Requirement »
Set down all of the data that follows word for word, without the images.

Provided data »
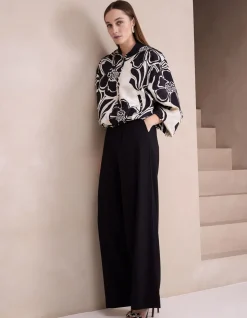 Wide Leg Fit Broek Zwart By Mieke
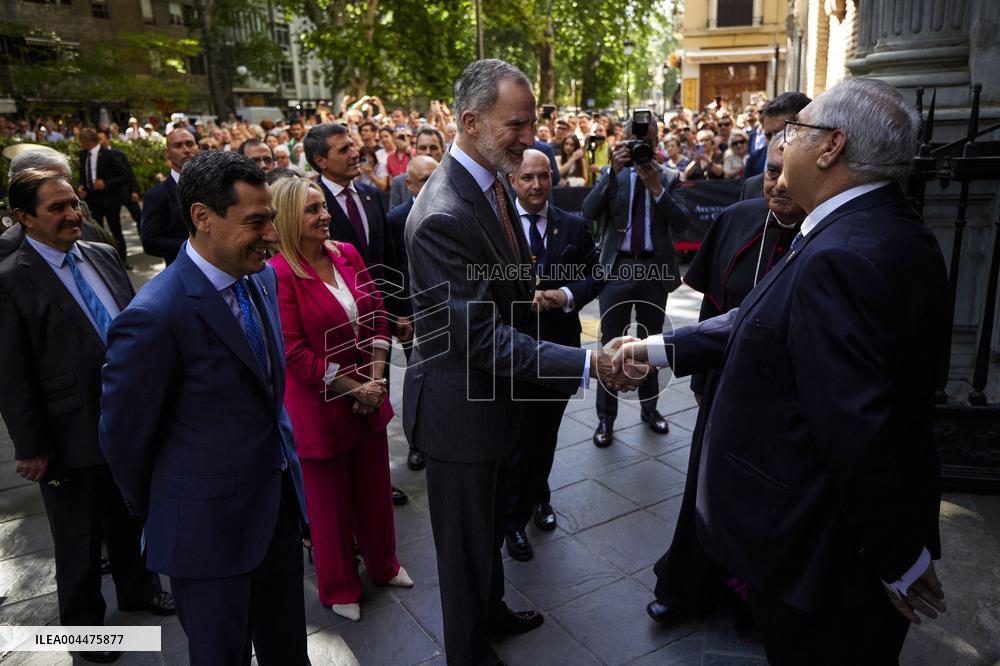 King Felipe VI Visits The Basilica Of Our Lady Of Sorrows - Granada
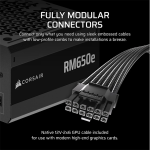 CORSAIR Tápegység Moduláris, RM650e, 650W, 12cm, ATX 3.1, PCIe 5.1, BOX, Cybenetics Gold - Image 2
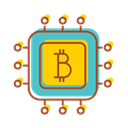 financial, Bitcoin, chipset, internet, Bank, technology Black icon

Result below »
 Wide Leg Fit Broek Zwart By Mieke
 King Felipe VI Visits The Basilica Of Our Lady Of Sorrows - Granada
 CORSAIR Tápegység Moduláris, RM650e, 650W, 12cm, ATX 3.1, PCIe 5.1, BOX, Cybenetics Gold - Image 2
 financial, Bitcoin, chipset, internet, Bank, technology Black icon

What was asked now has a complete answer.